Nel frattempo dall’Egitto le notizie che si sono succedute confermano un clima di grande tensione tra gli attivisti e chi risulta sgradito al regime del generale Al Sisi, della cui natura solo ora molti sembrano essersi accorti. «Diversi amici e colleghi» di Giulio Regeni – secondo quanto emerso – sarebbero stati «interrogati allo scopo di arrivare a qualsiasi prova che possa portare a risolvere questo enigma».

In particolare si tratta di capire il percorso esatto e i luoghi frequentati da Giulio Regeni prima di sparire. C’è da chiarire se effettivamente stava recandosi a una festa di compleanno o meno. Circostanze tutte da verificare e che stanno ponendo all’attenzione della polizia persone che si presume possano aggiungere particolari rilevanti per le indagini, posto il sospetto che le ricerche effettuate dalla polizia egiziana siano davvero incentrate a scoprire la verità sulla morte del ricercatore italiano.

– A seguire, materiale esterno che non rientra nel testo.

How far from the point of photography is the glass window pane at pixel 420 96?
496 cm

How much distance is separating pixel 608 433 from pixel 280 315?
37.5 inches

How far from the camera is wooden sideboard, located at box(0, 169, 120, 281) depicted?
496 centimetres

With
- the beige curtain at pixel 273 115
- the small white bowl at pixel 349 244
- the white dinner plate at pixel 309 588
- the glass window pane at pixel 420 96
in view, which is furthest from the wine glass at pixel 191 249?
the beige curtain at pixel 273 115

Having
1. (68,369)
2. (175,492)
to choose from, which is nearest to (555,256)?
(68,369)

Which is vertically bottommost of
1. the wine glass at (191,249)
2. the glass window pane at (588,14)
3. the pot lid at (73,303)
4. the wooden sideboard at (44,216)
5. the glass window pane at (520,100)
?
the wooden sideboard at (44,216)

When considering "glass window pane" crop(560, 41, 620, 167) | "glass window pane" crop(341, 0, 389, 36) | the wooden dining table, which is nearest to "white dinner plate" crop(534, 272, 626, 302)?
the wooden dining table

Il team italiano – intanto – dopo essere arrivato al Cairo avrebbe «incontrato ufficiali dell’Interpol e della sicurezza nazionale per esaminare le inchieste e le indagini effettuate» finora dopo il rinvenimento del corpo del giovane ricercatore italiano. Scopo dell’incontro sarebbe stato quello di «coordinare le ricerche e assicurare tutta l’assistenza tecnica necessaria a svelare il mistero».

Ieri al-Masry al-Youm, un quotidiano locale, citava fonti della Direzione della sicurezza di Giza che smentiscono la notizia degli arresti. Secondo il giornale, tutte le fonti avrebbero parlato a condizione di anonimato, perché il governo ha vietato alla polizia di rivelare alla stampa informazioni sulle indagini. Le fonti hanno aggiunto che una squadra di 35 funzionari è impegnata a lavorare sul caso e che non si esclude alcuna pista, neanche quella di possibili tentativi di «gruppi di estremisti» di sabotare le relazioni tra l’Egitto e l’Italia.